## Work task
In the data below, the copy begins at the line containing "拼多多限时秒杀活动在哪参与" and runs through the last line; repeat those lines exactly, minus the pictures.

-- Opening Marker --

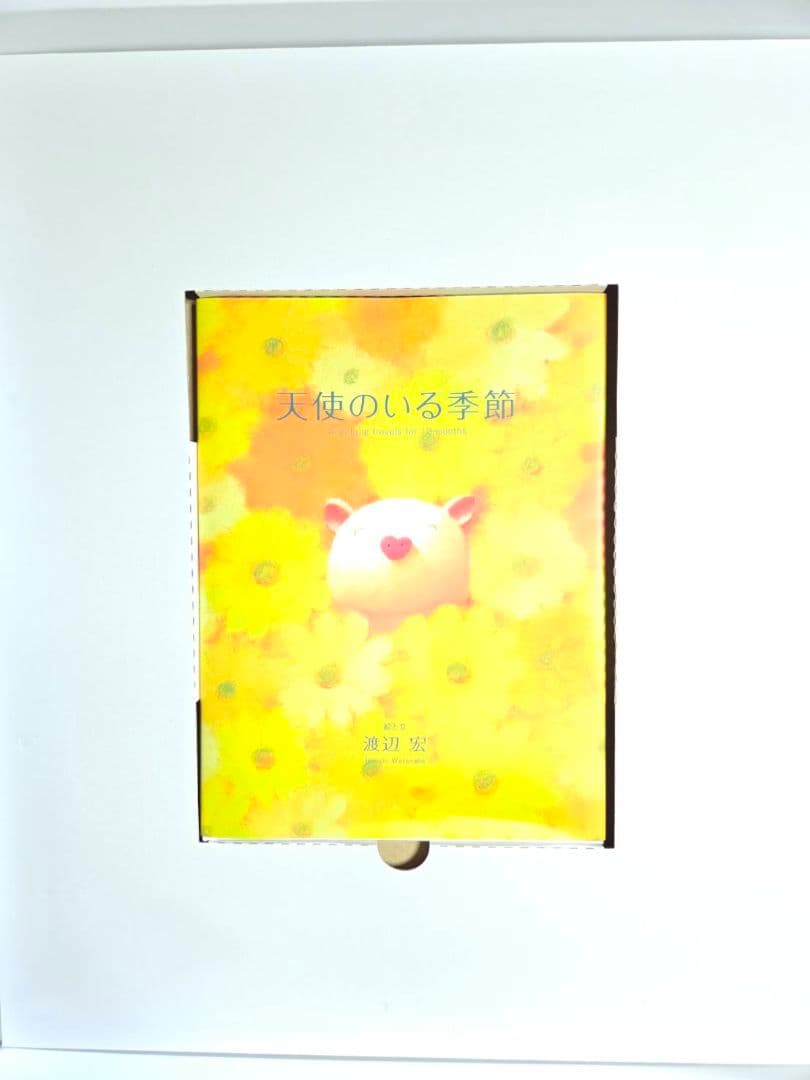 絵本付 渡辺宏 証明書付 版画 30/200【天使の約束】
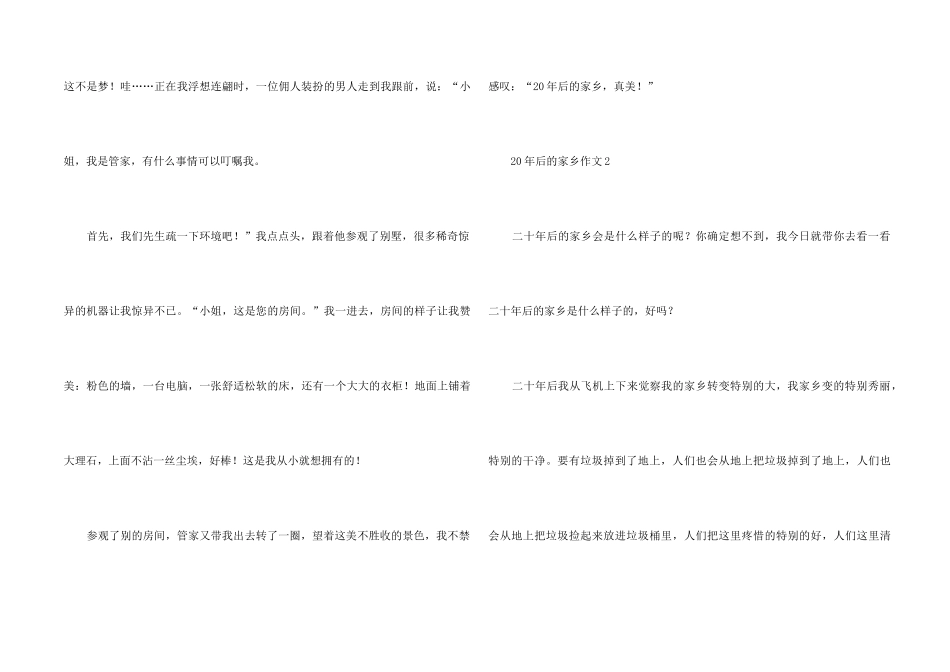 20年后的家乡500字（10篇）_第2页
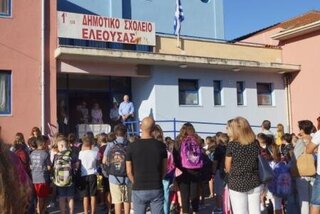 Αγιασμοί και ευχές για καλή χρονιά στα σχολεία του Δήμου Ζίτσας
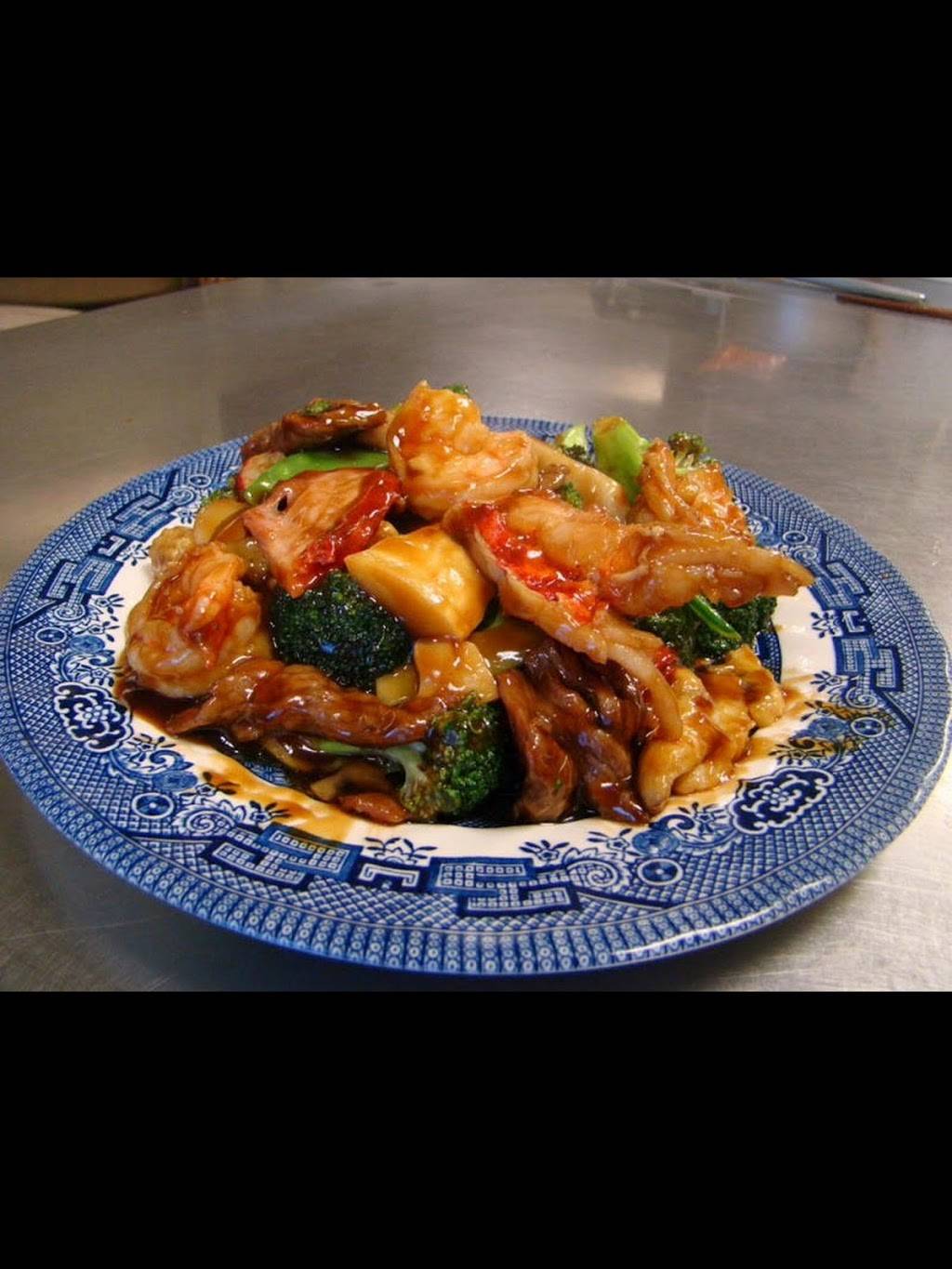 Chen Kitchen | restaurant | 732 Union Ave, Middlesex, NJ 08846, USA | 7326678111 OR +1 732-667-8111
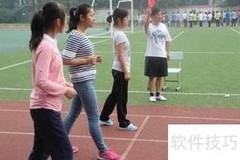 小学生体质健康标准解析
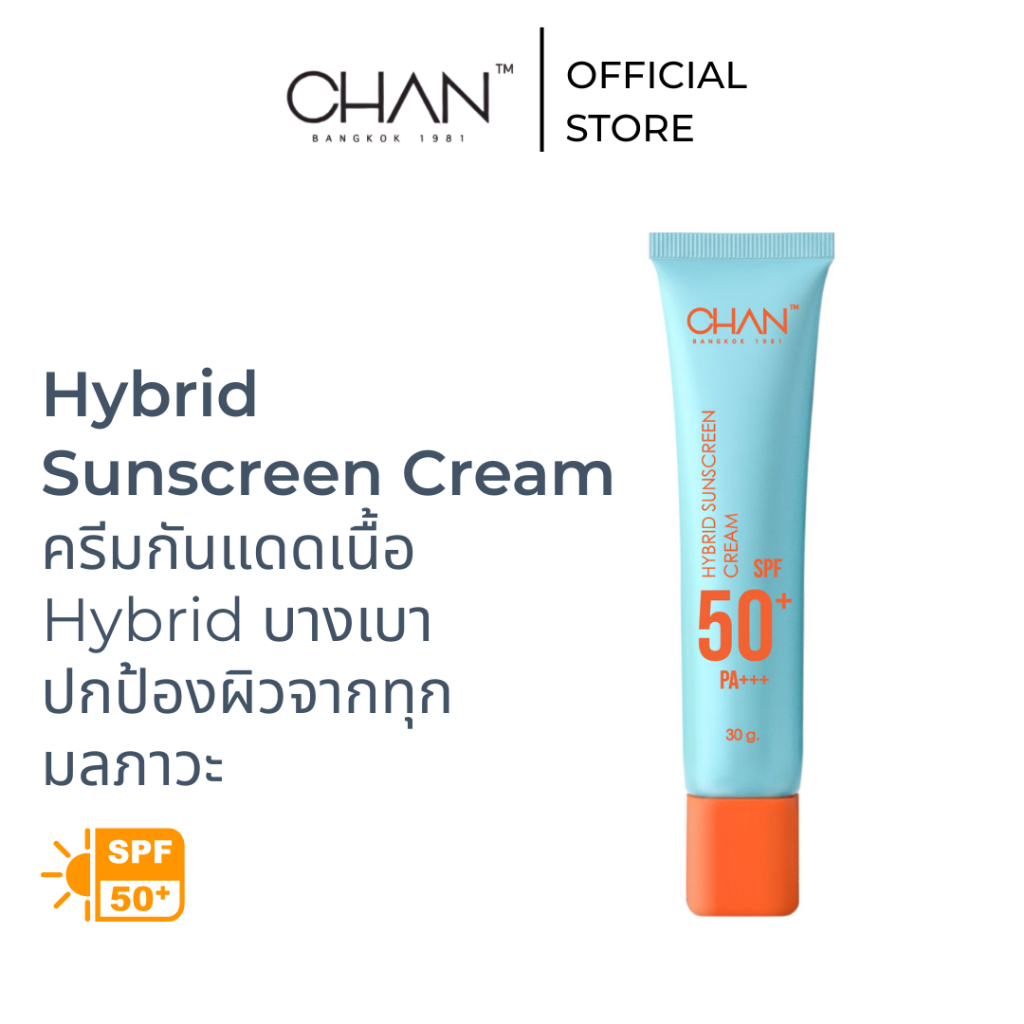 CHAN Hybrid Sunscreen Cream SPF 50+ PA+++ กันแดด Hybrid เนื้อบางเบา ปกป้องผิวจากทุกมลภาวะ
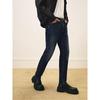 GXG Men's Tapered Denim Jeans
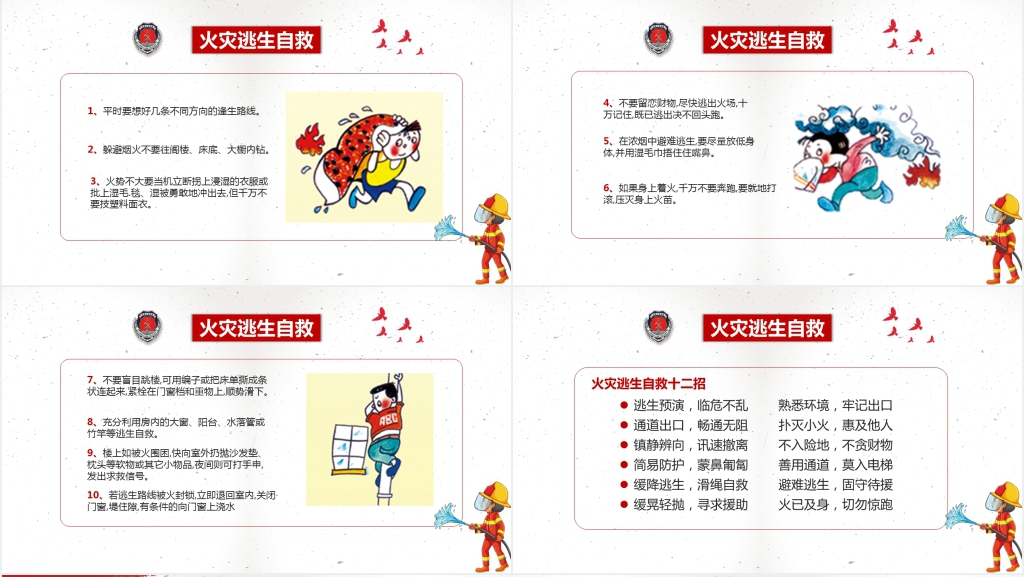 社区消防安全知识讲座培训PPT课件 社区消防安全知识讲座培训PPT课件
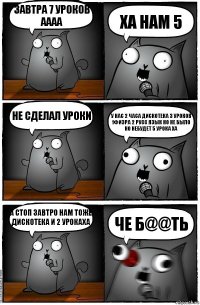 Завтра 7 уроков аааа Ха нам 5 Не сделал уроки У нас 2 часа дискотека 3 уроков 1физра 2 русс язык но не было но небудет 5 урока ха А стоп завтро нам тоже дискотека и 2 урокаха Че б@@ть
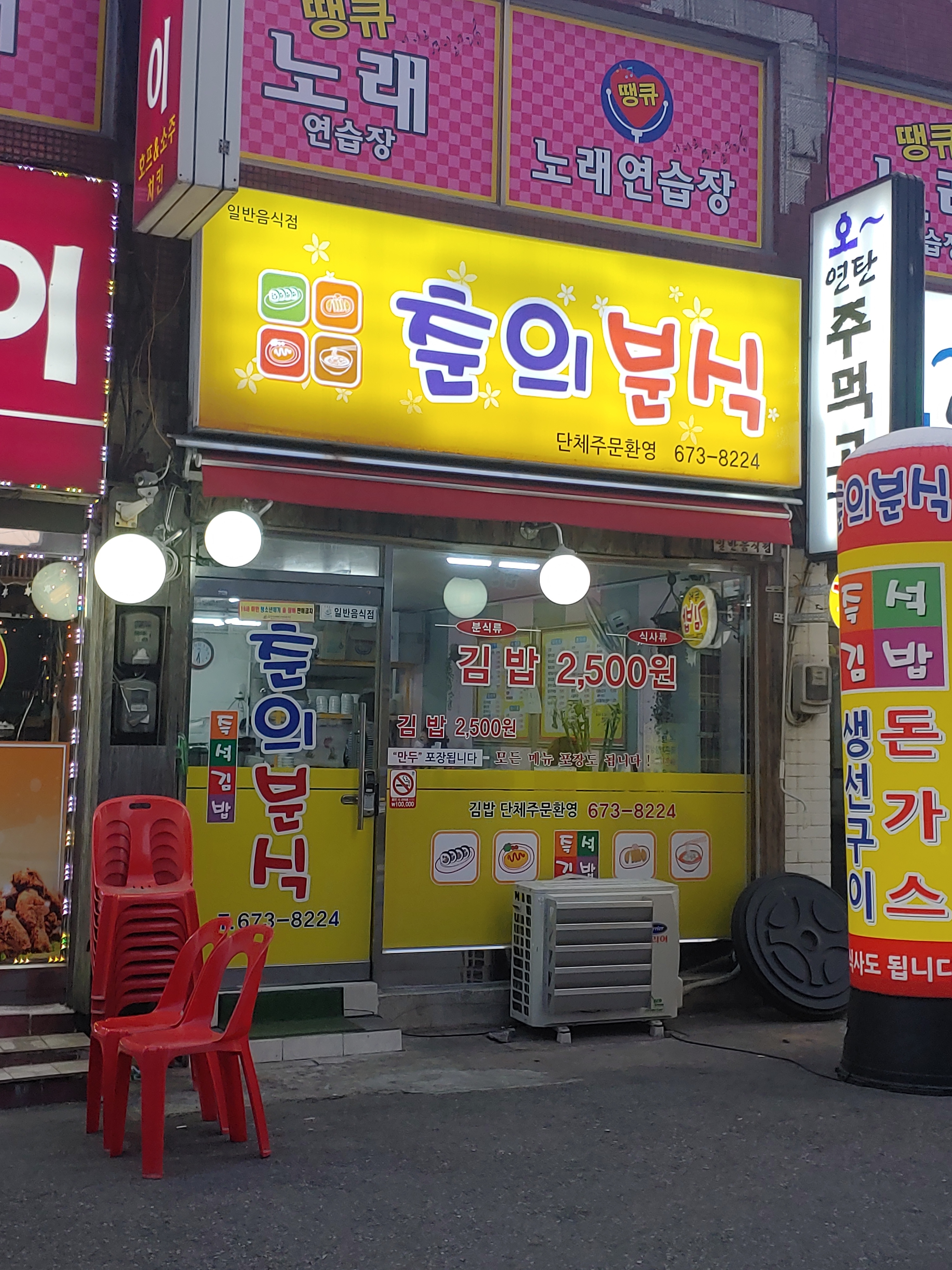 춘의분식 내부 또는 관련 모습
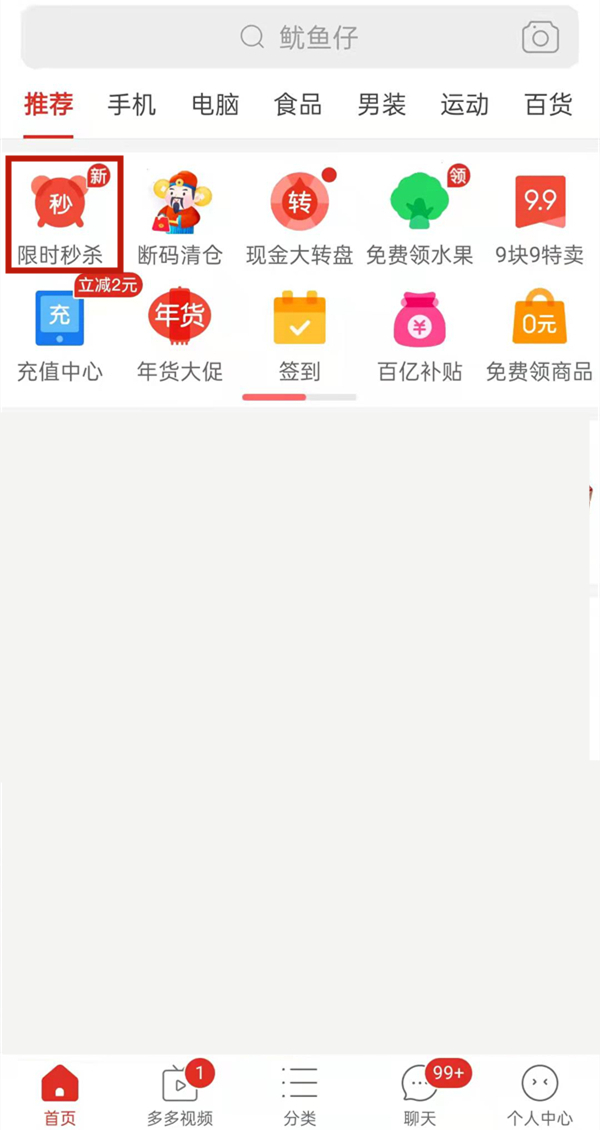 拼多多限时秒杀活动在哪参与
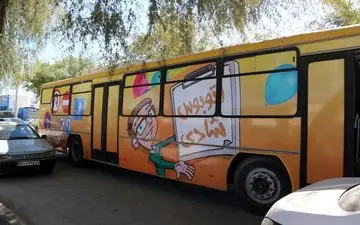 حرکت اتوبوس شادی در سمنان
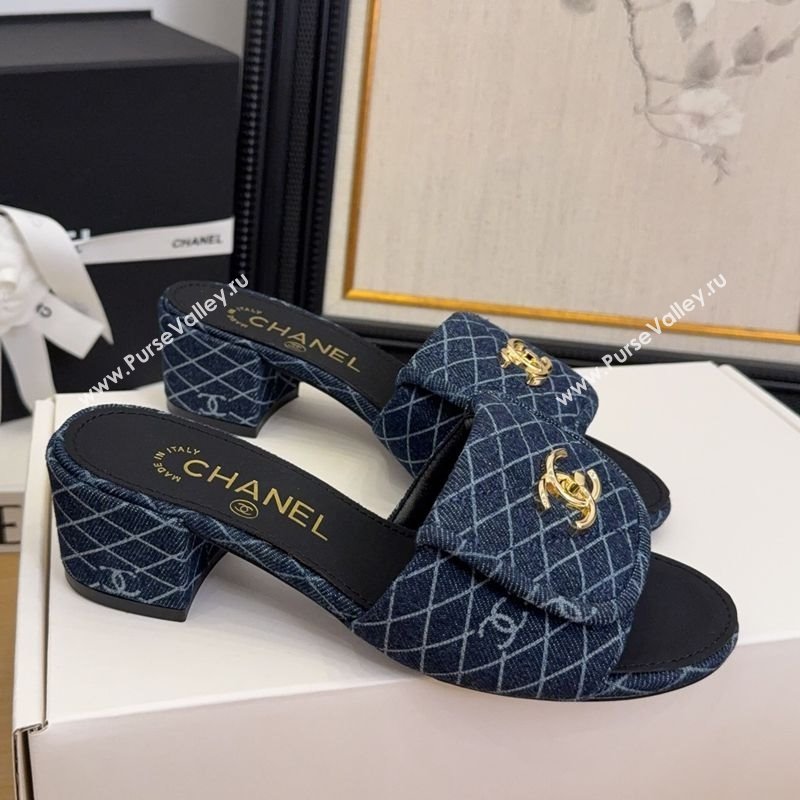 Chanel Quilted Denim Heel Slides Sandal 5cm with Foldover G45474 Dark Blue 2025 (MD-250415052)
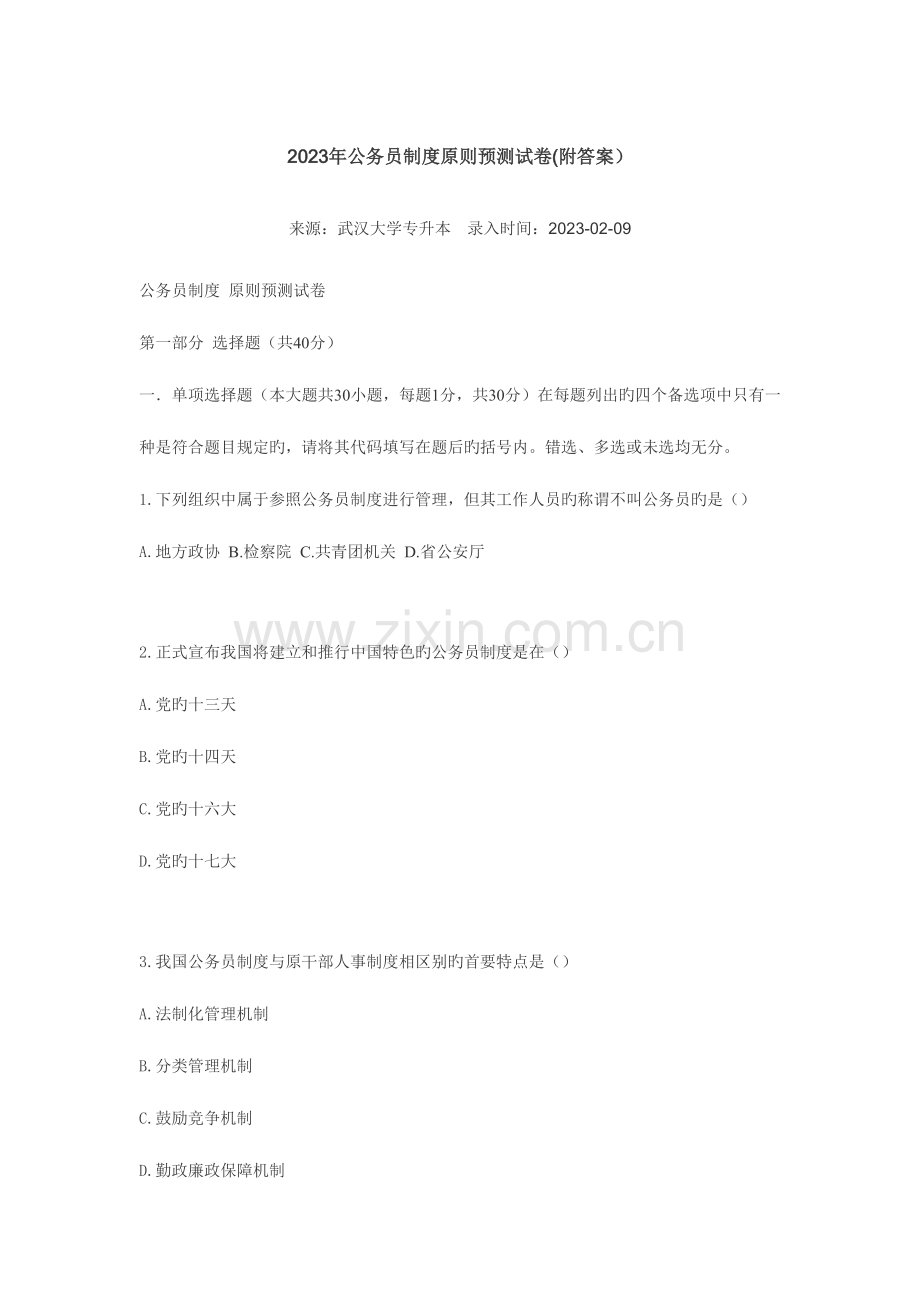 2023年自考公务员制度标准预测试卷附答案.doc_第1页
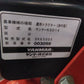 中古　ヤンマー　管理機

-- Closing Marker --

## Your response
 拼多多限时秒杀活动在哪参与
 حرکت اتوبوس شادی در سمنان
 Chanel Quilted Denim Heel Slides Sandal 5cm with Foldover G45474 Dark Blue 2025 (MD-250415052)
 2023年自考公务员制度标准预测试卷附答案.doc_第1页
 中古　ヤンマー　管理機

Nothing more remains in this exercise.